Basic Concept #42: Don’t Confuse Drama with Urgency

The Crisis That Wasn’t

I learned this lesson during what should have been a straightforward system maintenance window.

It started with an email marked “URGENT: CRITICAL SYSTEM FAILURE” from the business operations manager. The subject line continued: “Need IMMEDIATE response – system down affecting all users.” My phone started buzzing with Slack notifications. The message said our e-commerce platform was experiencing “catastrophic failures” and customers couldn’t complete purchases.

This was exactly the kind of situation that justified dropping everything. Revenue was directly impacted. Customer experience was suffering. I immediately called the emergency response team and started our incident management protocol. We pulled engineers from other projects, escalated to senior management, and began working through our crisis checklist.

But when we started investigating, something didn’t add up. The monitoring dashboards showed normal system performance. Customer transaction logs were processing normally. The only “failure” we could find was a single error message that appeared briefly on one page of the checkout process—and only for users with specific browser configurations.

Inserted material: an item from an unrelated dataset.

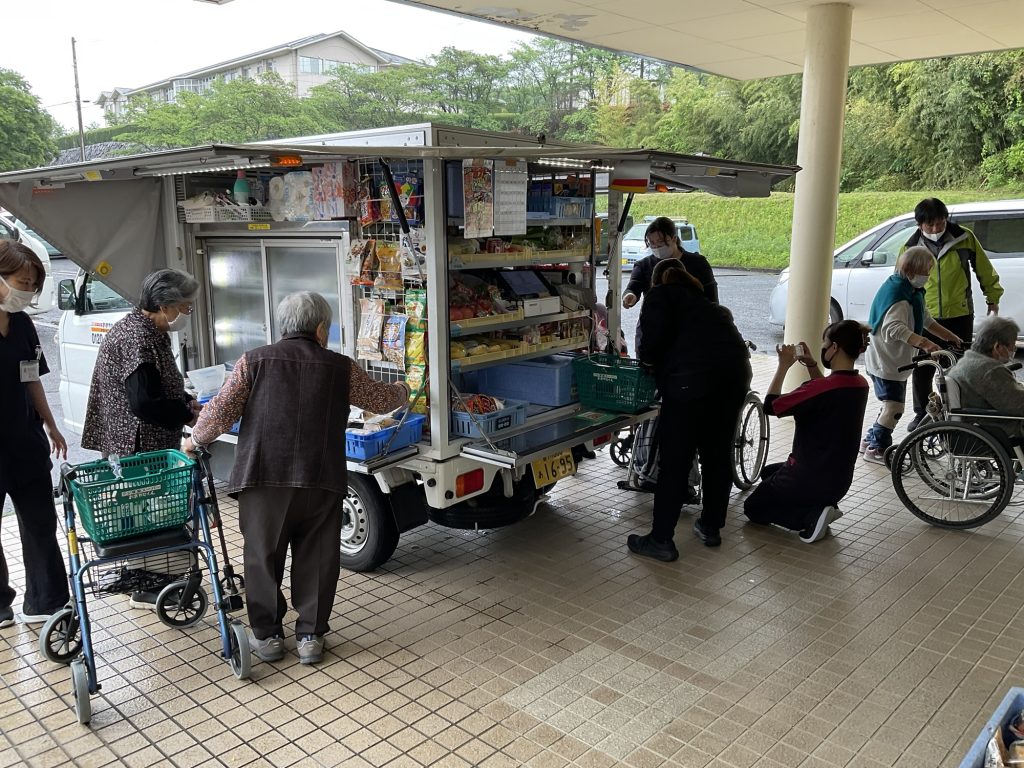 移動販売車が来ました🚚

After two hours of investigation, we discovered what had actually happened. The operations manager had received a complaint from one customer who couldn’t complete their purchase. Instead of troubleshooting the issue systematically, she escalated it immediately using crisis language. The “catastrophic system failure affecting all users” was actually a minor UI bug affecting less than 1% of customers with older browsers.

Meanwhile, our emergency response had pulled the entire engineering team away from a legitimate deadline—preparing for a planned database migration that had real external constraints and actual consequences if delayed.

I realized I’d been manipulated by manufactured urgency. The operations manager had used crisis language and emotional escalation to get immediate attention for what was essentially routine troubleshooting. Her poor time management and anxiety about customer complaints had become my emergency.

That expensive lesson taught me: drama masquerades as urgency, and if you can’t tell the difference, you’ll spend your career reacting to other people’s emotional escalation while neglecting work that actually matters.